Natural proclivity I assume, we don’t like to look at the drops (our society does not encourage taboo subjects).

My drop in at a nearby nursing home reminded me on how religiously my parents used to tell me and my sister of their greatest life fear.

You will NEVER leave us in a nursing home

Which me and Ashley won’t let you set foot in one, mom and dad (mom who reads this probably will get paranoid)

As I looked upon those who look like they’ve developed permeating bed sores and deeply rooted backaches.

I watched an old lady wake up from her afternoon nap only to be bitterly reminded by the sight of her amputated foot. She tells me that as she was recovering on that foot she rolls over the side of her bed and hurts her thigh on the other leg.

I try to comfort her by telling her not to think too much while her visiting relative adamantly agrees with me in the most distressing tone of voice, “Yes tell her that she really thinks too much.”

A sit down session with some of my nurses who were with me later and I hear their worries on how one day, perhaps, their own child will abandon them this way too. The unmarried, older single ones get worried and count their yet earned life savings on how much it will take to survive this way and the better way.

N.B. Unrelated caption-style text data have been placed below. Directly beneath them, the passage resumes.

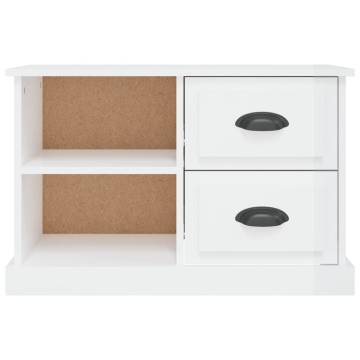 Stylish High Gloss White TV Cabinet - 73x35.5x47.5 cm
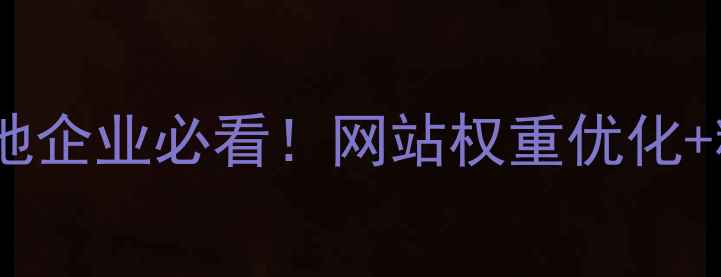 图片 🔥最新攻略兰州本地企业必看！网站权重优化+精准引流全指南🔥2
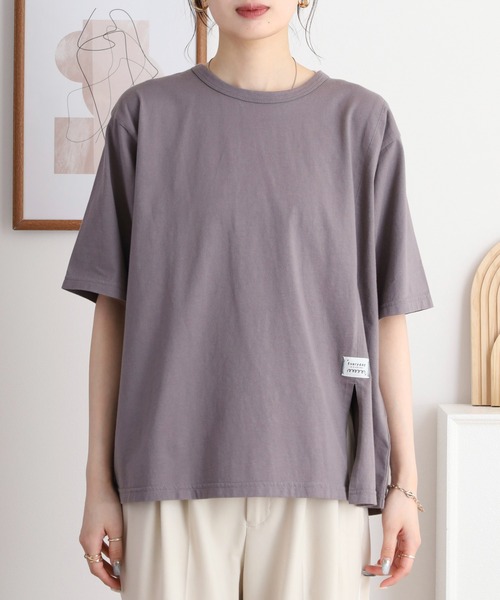 Emago（イマゴ）の「EMAGO ビスネーム付きロゴ刺繍Ｔシャツ（Tシャツ/カットソー・レディース・チャコールグレー/レッド/ホワイト・FREE）」の10枚目の写真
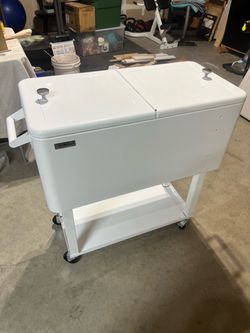 White Rolling Patio Cooler Cart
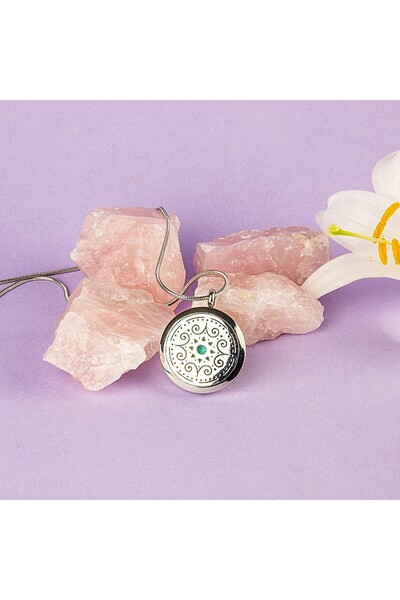 Ezera Pandantiv Mandala ASMEE cu lanț șarpe pentru aromaterapie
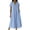 Light Blue, variant on Laqbezok Women's Casual V-Neck Long Dress, Short Sleeve Solid Color Loose A-Line Gown, Soft Breathable Summer Dress with Side Pockets
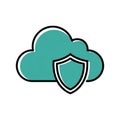 Outline and a shield emblem in the foreground symbolizing cloud Royalty Free Stock Photo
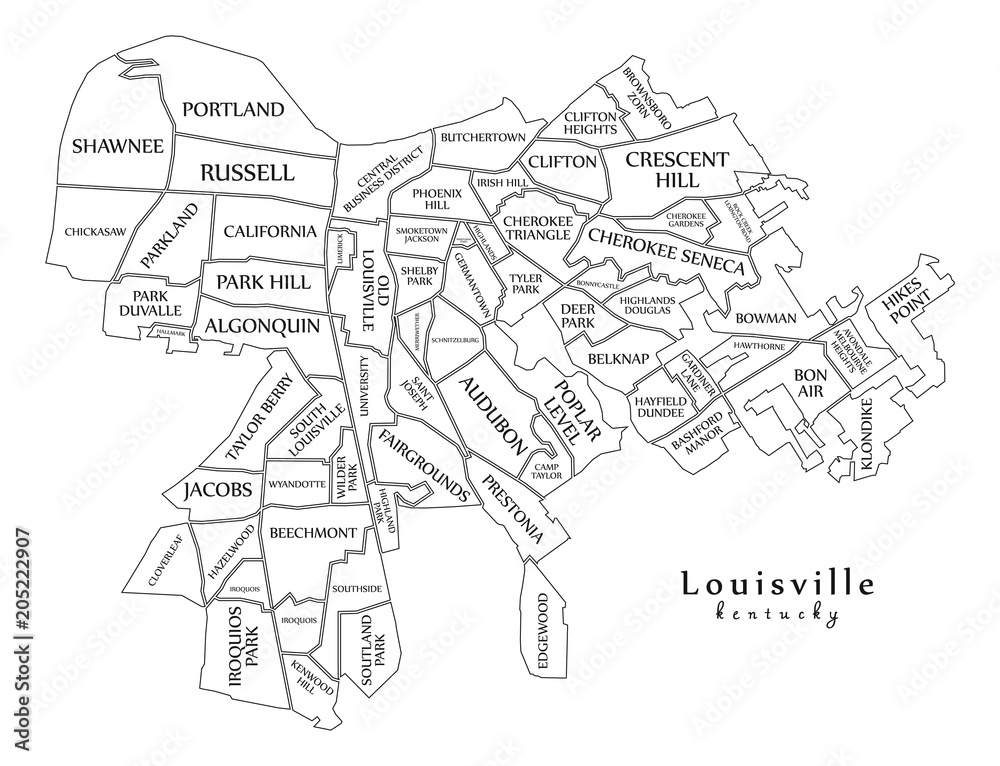 Modern City Map - Louisville Kentucky city of the USA with neighborhoods and titles outline map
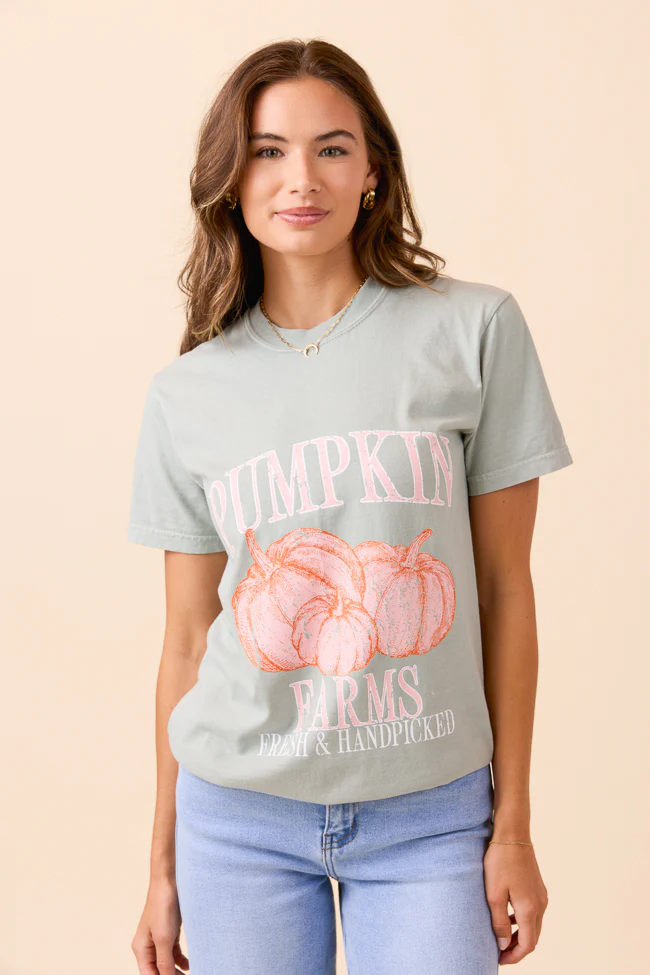 Pumpkin Farms Light Green Graphic Tee - Terpint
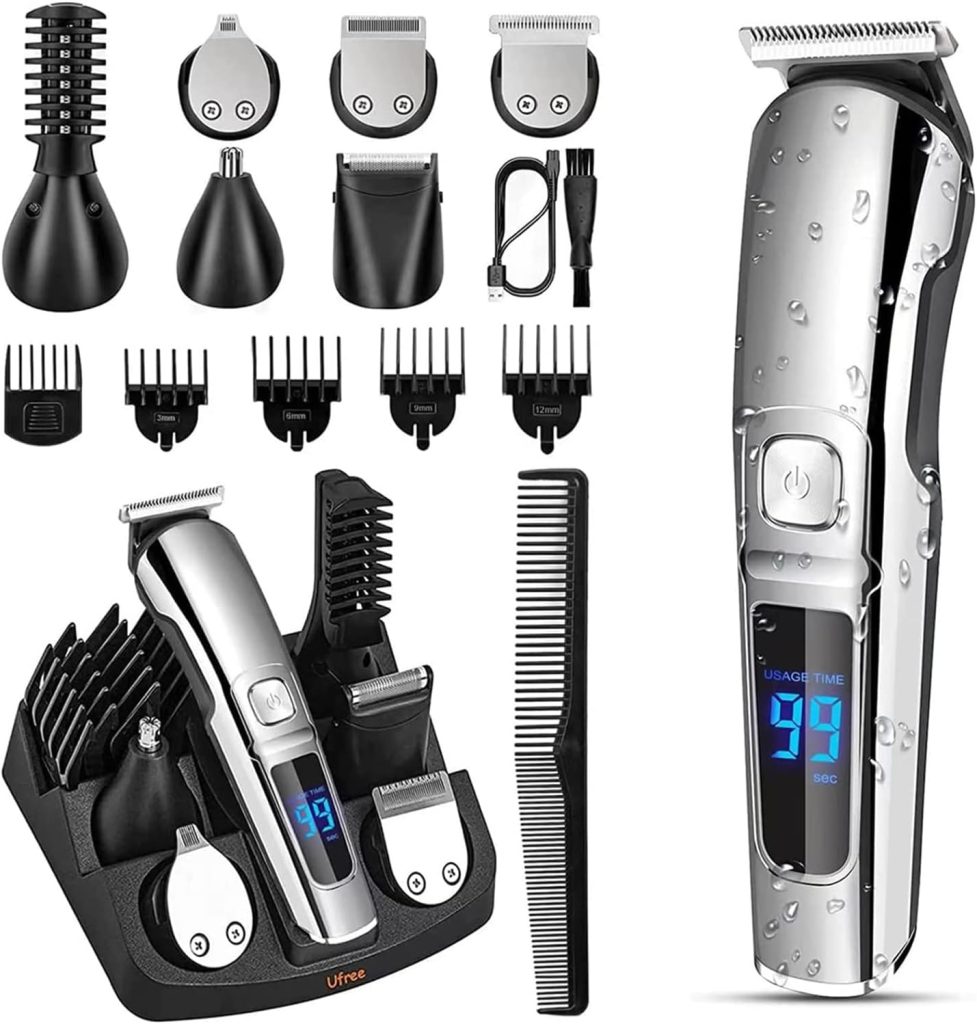 Eacam 6 in 1 Men Hair Clipper Set Beard Shaver Electric Body Hair Trimmer Nose Trimmer Haircut Kit Waterproof Fully Washable, body Hair Trimmer Body Grooming Kit for Man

The colleague closests to me says, she hopes to just pass with her eyes closed without having to set up house with just a table next to a patchwork bed.

It’s no longer filial peity, but about how much you really love them…enough that you won’t leave them here.

Would you ever leave your parents this way? Would you want to be this way? Are you preventing or just accepting your life to somehow flow to a nursing home?

I hope I have good kids. Probably so.